Harindra Joseph Fernando, the Wayne and Diana Murdy Endowed Professor in the Departments of Civil and Environmental Engineering and Earth Sciences and Aerospace and Mechanical Engineering, will serve as principal investigator of the project called Fog and Turbulence Interactions in the Marine Atmosphere (FATIMA).

“The general familiarity with fog is its disruption of societal functions such as transportation, delaying travel and causing hazardous conditions for commuters,” said Fernando. “Fog can also impede communications and interfere with high-energy laser, free-space optics and remote detection applications that are critical to government and security operations — and yet, it remains one of the most poorly studied aspects of meteorology.”

FATIMA will consist of two 30-day field campaigns, one to be conducted on Sable Island in the Canadian Atlantic and one off the coast of South Korea in the Yellow Sea. An additional ice-fog experiment will be conducted in Barrow, Alaska.

Fernando’s team at Notre Dame will lead the study including FATIMA’s field campaigns and theoretical studies. The project’s emphasis on marine fog will seek to gain fundamental understanding of how fog — which consists of water droplets and/or ice crystals in the lower atmosphere — forms over shallow seas.

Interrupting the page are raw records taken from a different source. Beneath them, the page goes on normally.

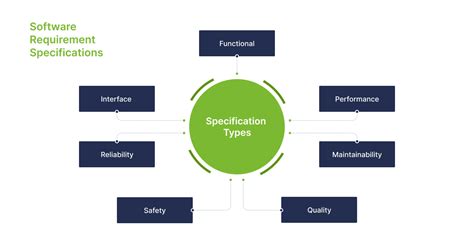 what is specification in software engineering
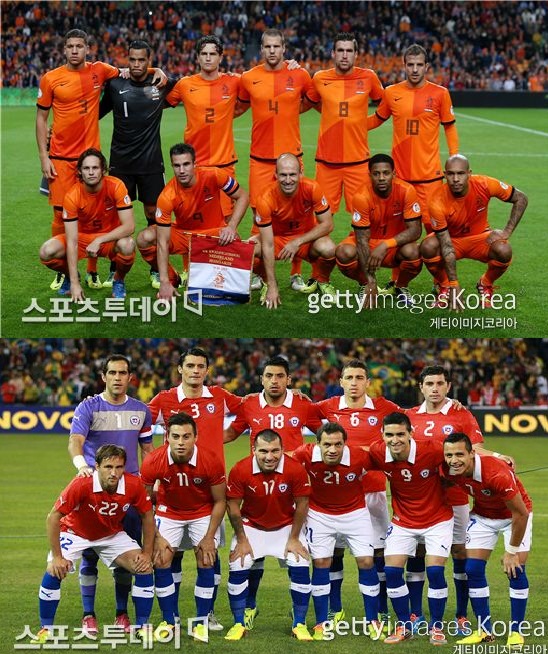 네덜란드 칠레 B조 1위를 건 치열한 승부 "브라질 피할 팀은?"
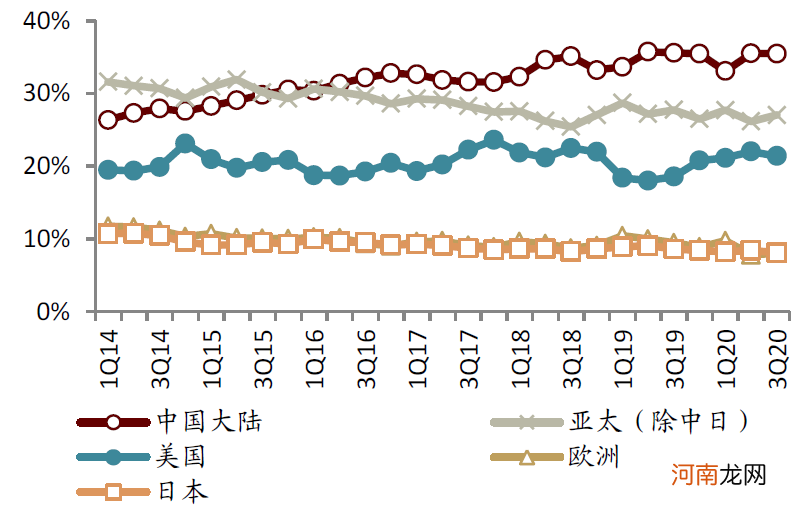 中金：缺芯引发全球关注 提升芯片制造产能是国内半导体产业发展关键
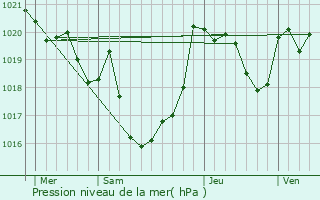 Graphe de la pression atmosphrique prvue pour Aast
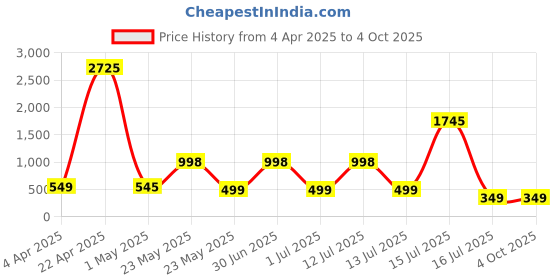myntra.com fantasy world Fantasy WorldKids Dial & Straps Analogue Watch FW-25-SL-14 fantasy world Price History Graph from 4 Apr 2025 to 4 Oct 2025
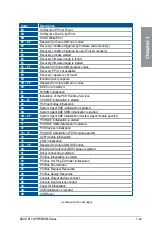 Preview for 47 page of Asus Z170-Premium series Manual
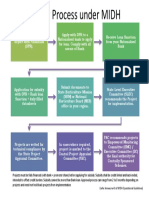 MIDH Incentive Subsidy Process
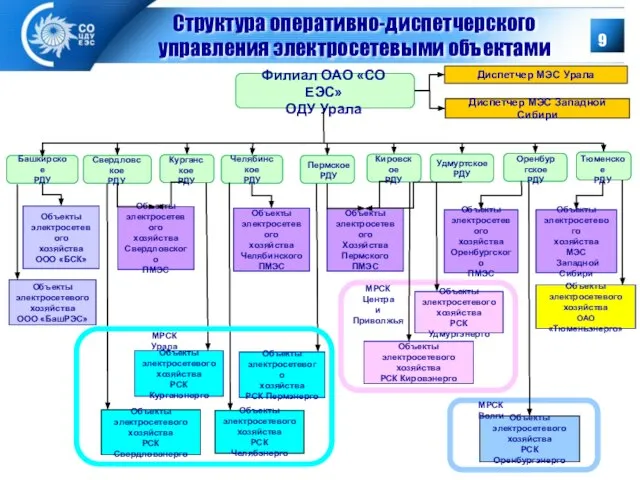 Структура оперативно-диспетчерского управления электросетевыми объектами Филиал ОАО «СО ЕЭС» ОДУ Урала Свердловское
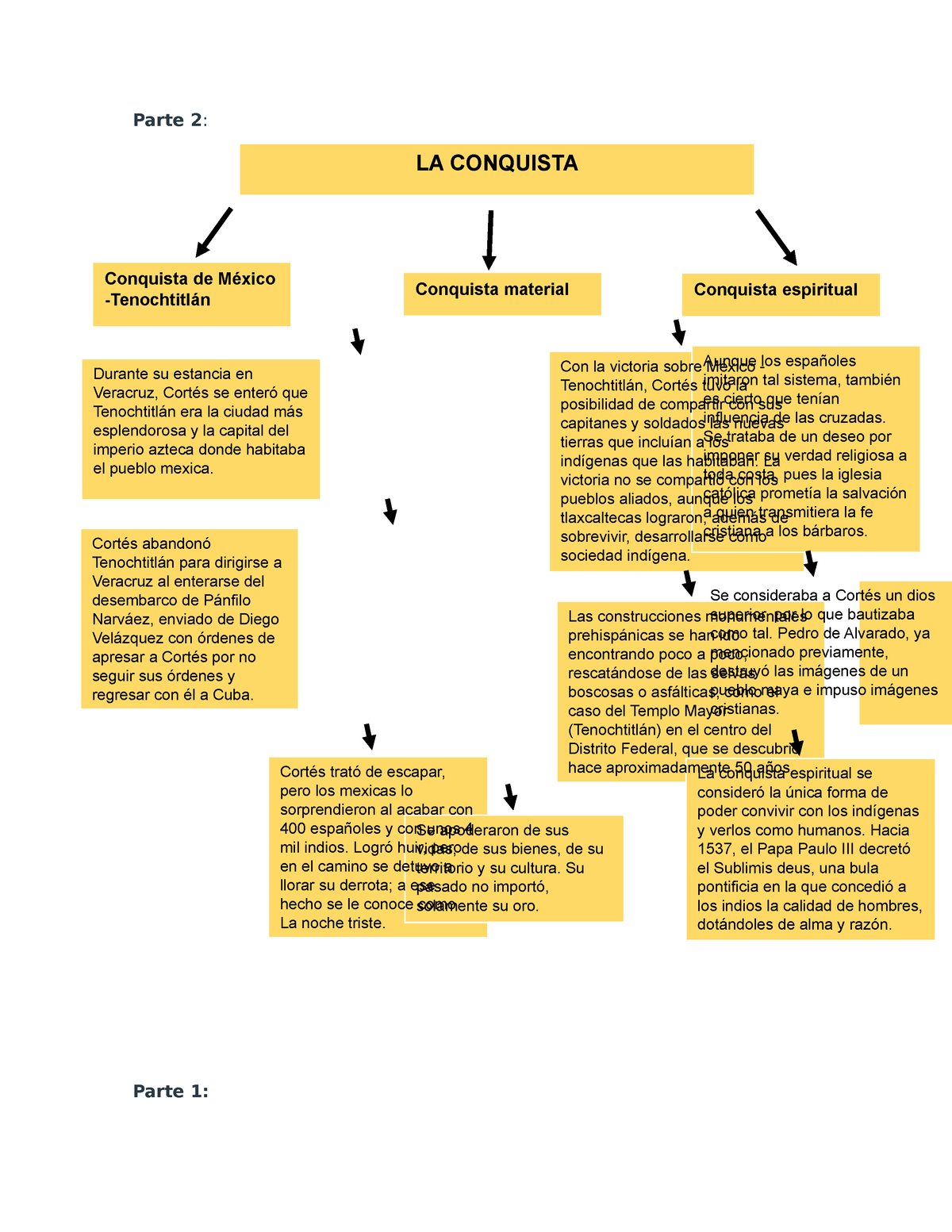 Actividad 3 historia de Mexico segundo semestre - Historia de México -  TecMilenio - Studocu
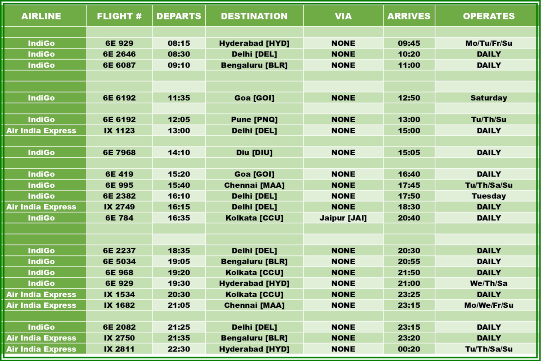 Surat Airport Updated Flight Schedule - Daily Connecting Flights 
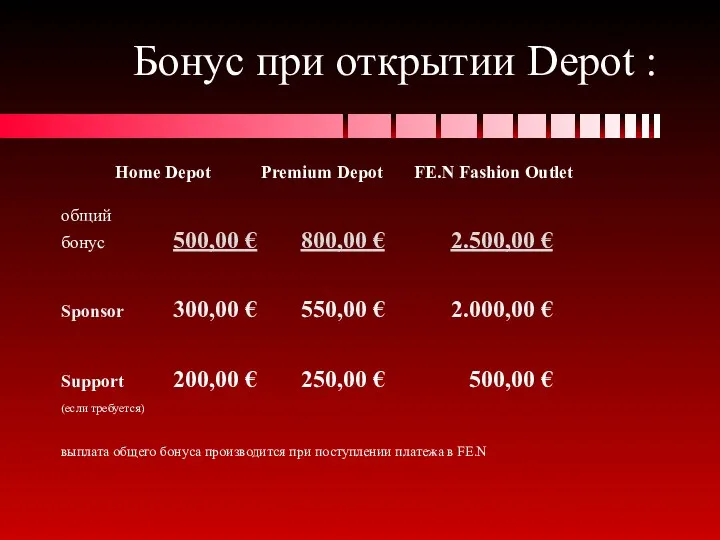 Бонус при открытии Depot : Home Depot Premium Depot FE.N Fashion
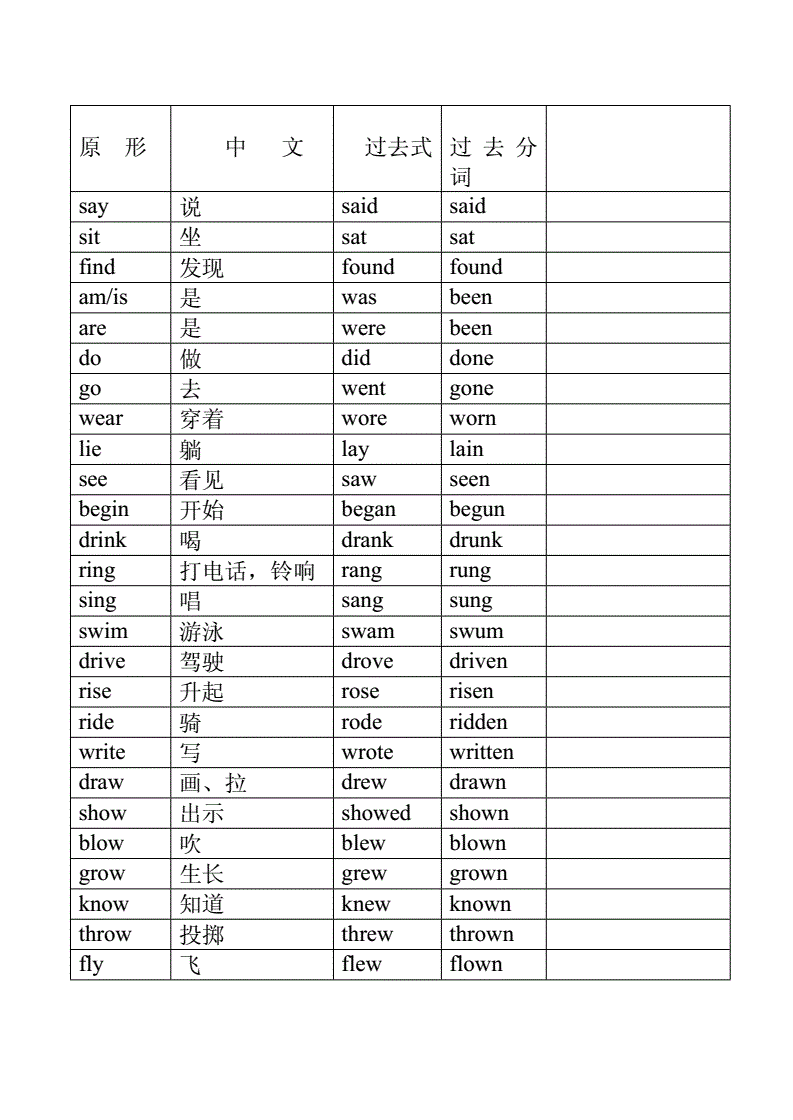 forecast过去式和过去分词的简单介绍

The team will also look at the dynamics of coastal ice fog.

Taking a multidisciplinary approach, researchers will deploy leading-edge instrumentation during each field campaign; capture atmospheric turbulence down to its smallest scales, temperature and moisture fluctuation readings; and conduct theoretical and numerical analysis to learn more about how fog is generated and identify the differences between fog and low-level cloud cover. The ultimate goal is to improve sea fog predictability.

The $7.5 million study is funded by the U.S. Department of Defense’s Multidisciplinary University Research Initiative. Co-principal investigators include Qing Wang at the Naval Postgraduate School, Clive Dorman at the University of California San Diego and Scripps Institution of Oceanography, Eric Pardyjak at the University of Utah and Lian Shen at the University of Minnesota. For the fiscal year 2021 Multidisciplinary University Research Initiative competition, the DOD solicited proposals in 26 topic areas important to DOD and the military services. From a merit-based review of the 298 proposals received, a panel of experts narrowed the proposals to a subset from which the 25 finalists were selected.

Fernando is an affiliated member of Notre Dame’s Environmental Change Initiative and Notre Dame Energy.